Write out exactly the lines of the entries below from the one holding "AWE EXHAUST SUITE" to the one holding "Marc Jacobs - Women's Cat Eye Sunglasses", inclusive, and leave out all other lines.

Extracted records>
=-=-=-=-=
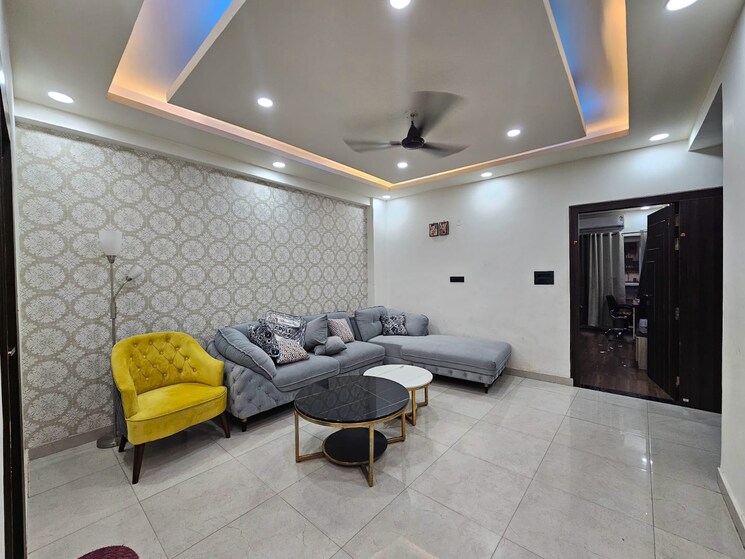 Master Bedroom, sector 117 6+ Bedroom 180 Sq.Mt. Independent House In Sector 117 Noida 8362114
=-=-=-=-=
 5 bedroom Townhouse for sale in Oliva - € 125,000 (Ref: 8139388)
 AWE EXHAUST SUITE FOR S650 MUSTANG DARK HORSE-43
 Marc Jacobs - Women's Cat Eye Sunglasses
=-=-=-=-=
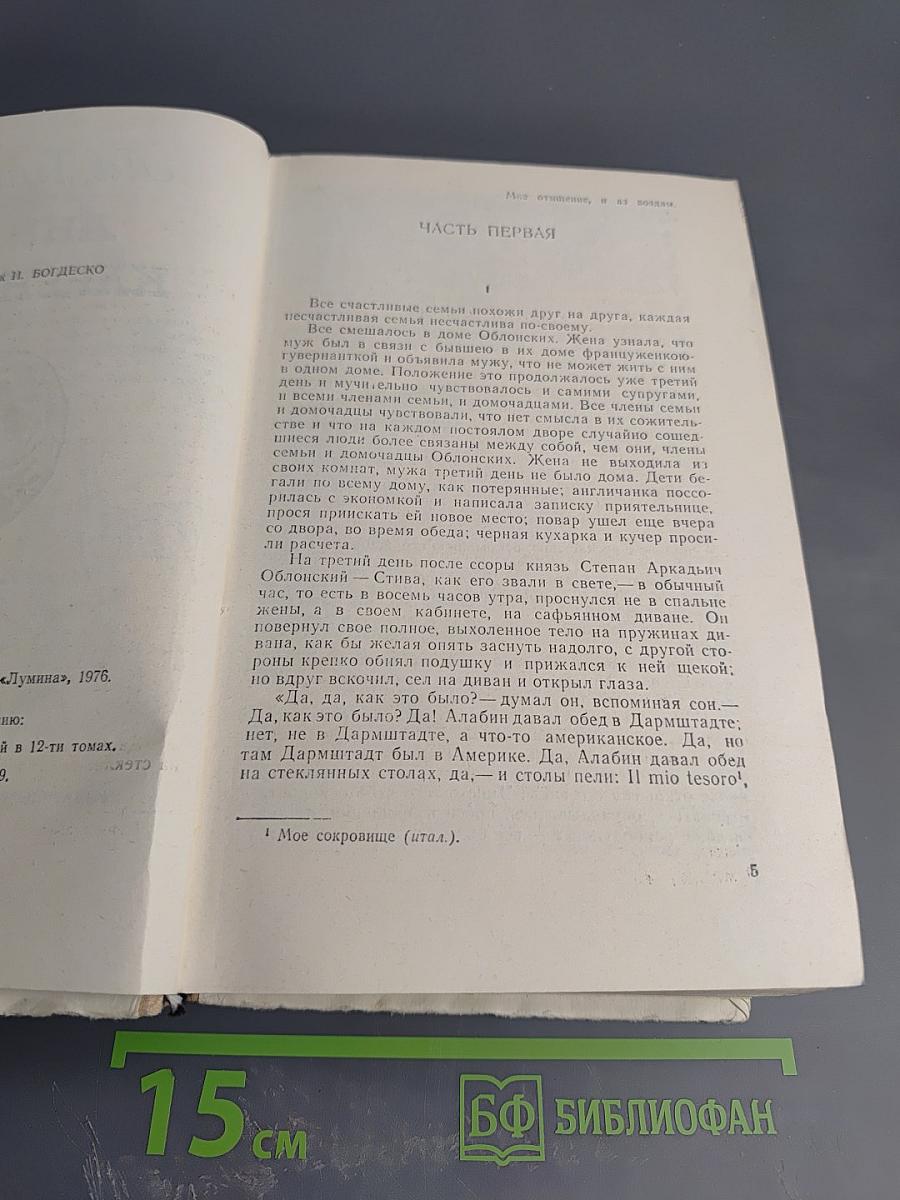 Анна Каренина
=-=-=-=-=
Result of the task>
 AWE EXHAUST SUITE FOR S650 MUSTANG DARK HORSE-43
 Marc Jacobs - Women's Cat Eye Sunglasses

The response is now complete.